▶ [GOAL OF THE EXERCISE]
Starting with the line that contains "BlackView Tab 6" and ending with the last line of the listing, print each line exactly. Pictures stay out.

▶ [DATA UNDER STUDY]
◆ ◆ ◆ ◆

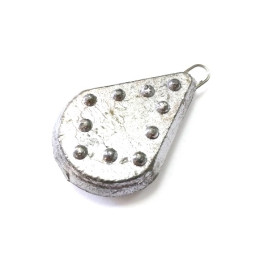 Груз убийца карася на петле плоский 30 гр (3230459)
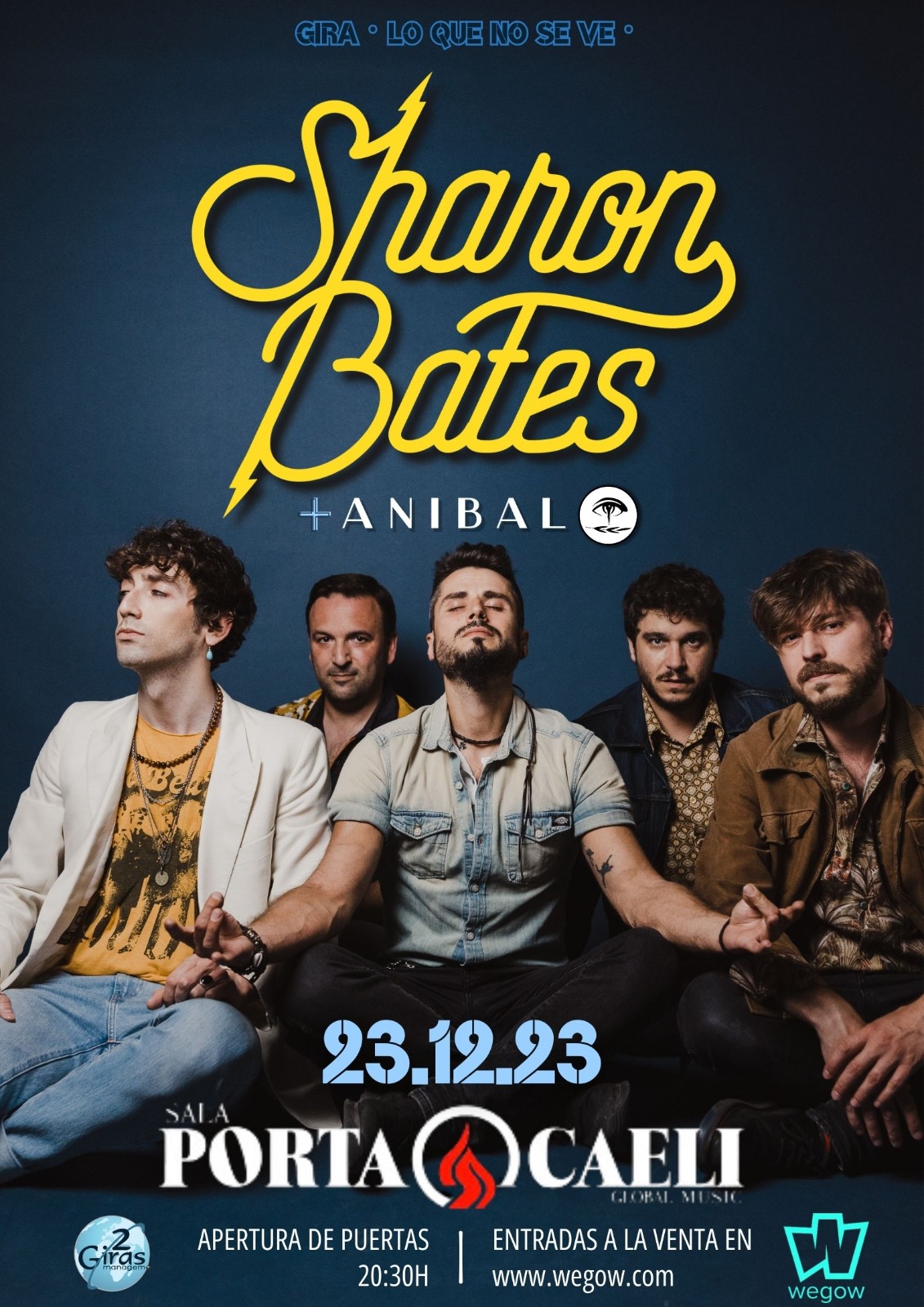 Fotografía promocional de SHARON BATES EN VALLADOLID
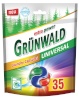 Grünwald pesupesemiskapslid Universal Laundry Capsules, 35tk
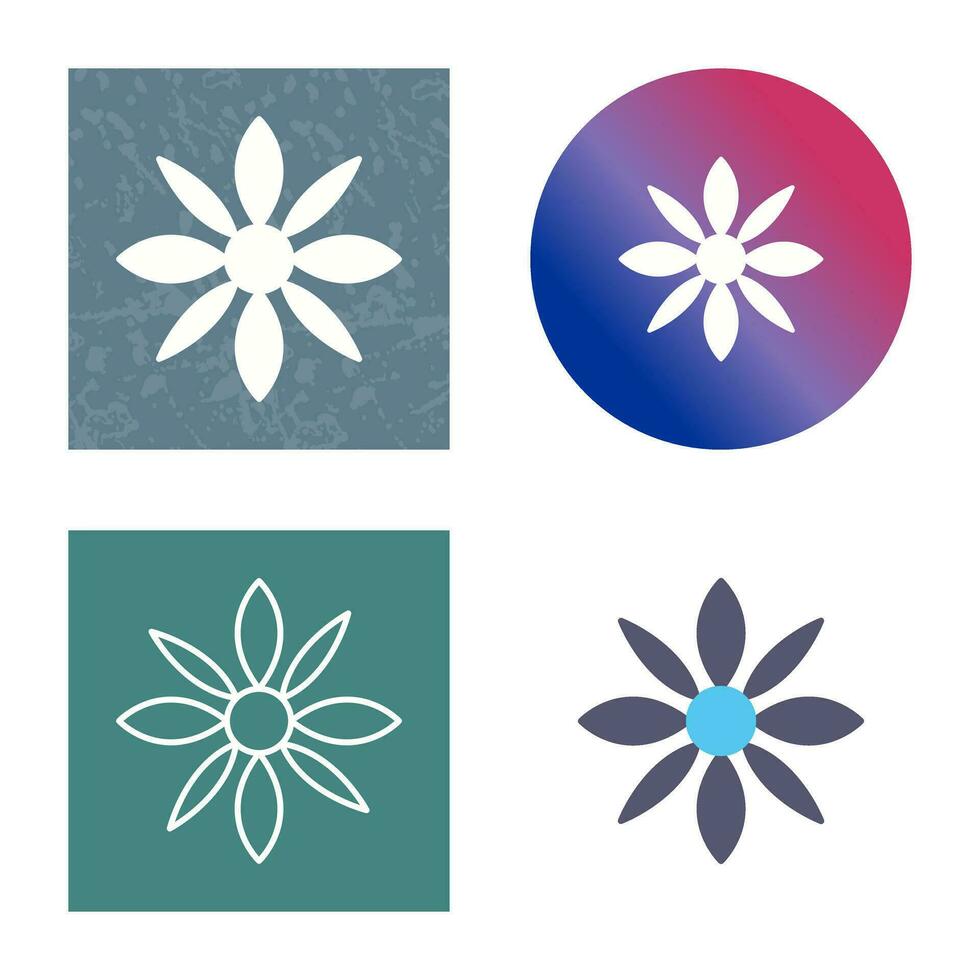 Flower Vector Icon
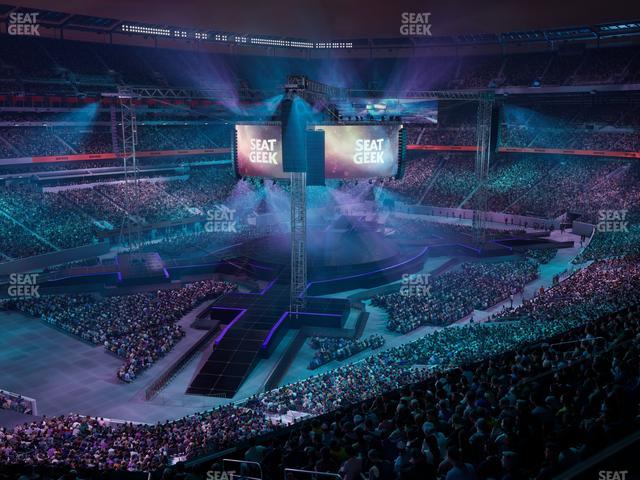 MetLife Stadium - Section Level 5 Suite 87 Seat View MetLife Stadium - Section Level 5 Suite 87 Seat View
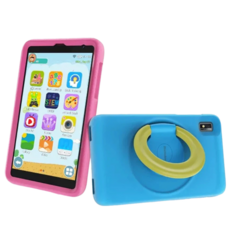 BlackView Tab 6 兒童防摔童平板 （Android 11/4G卡/3GB+32GB）, 藍色, 32GB, Wi-Fi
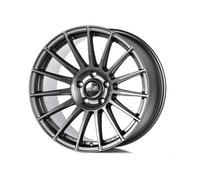 Cerchi in lega OZ Superturismo Dakar 10.0x20 Matt Graphite Silver Lettering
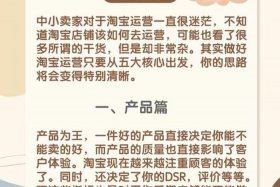 淘宝店铺运营心得和感悟800字、淘宝网店运营心得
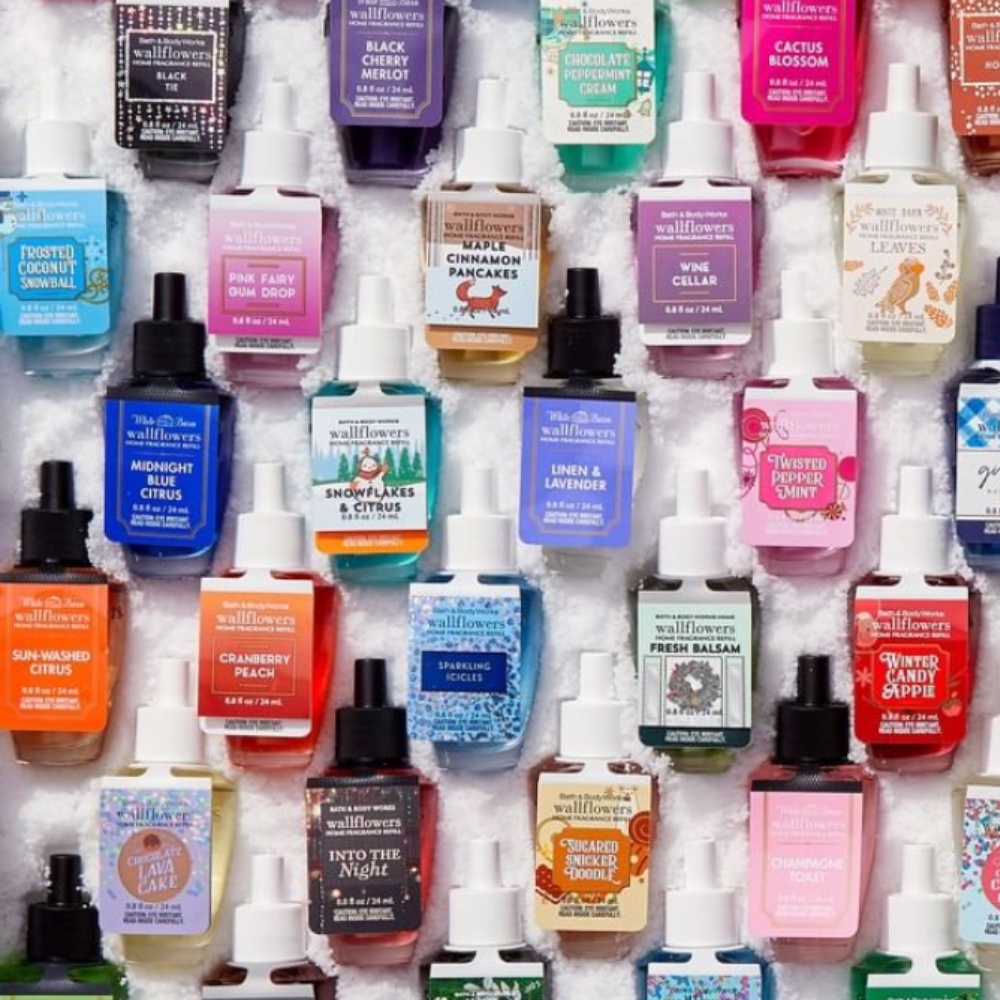 Tinh dầu thơm phòng Bath and Body Work Wallflower Home Fragrance Refills 24ml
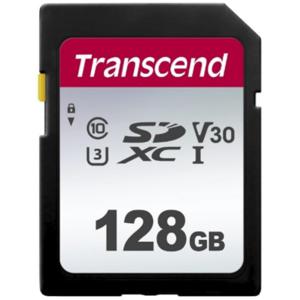 Transcend 128GB, UHS-I, SD flashgeheugen SDXC NAND Klasse 10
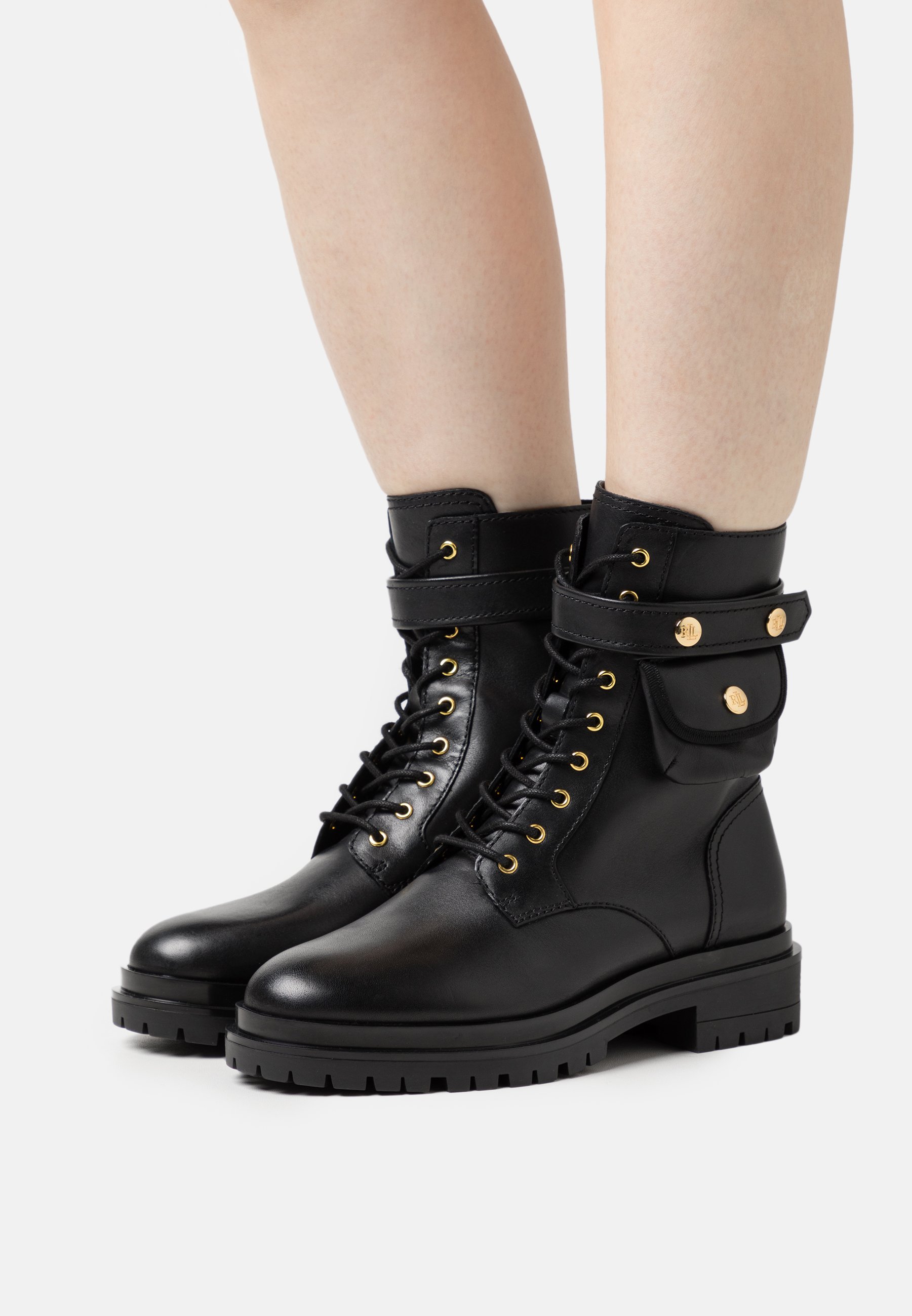 CAMMIE MID BOOT - Lace-up ankle boots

◆ ◆ ◆ ◆

▶ [ANSWER BELOW]
 BlackView Tab 6 兒童防摔童平板 （Android 11/4G卡/3GB+32GB）, 藍色, 32GB, Wi-Fi
 Cerchi in lega OZ Superturismo Dakar 10.0x20 Matt Graphite Silver Lettering
 淘宝店铺运营心得和感悟800字、淘宝网店运营心得
 Tinh dầu thơm phòng Bath and Body Work Wallflower Home Fragrance Refills 24ml
 Transcend 128GB, UHS-I, SD flashgeheugen SDXC NAND Klasse 10
 CAMMIE MID BOOT - Lace-up ankle boots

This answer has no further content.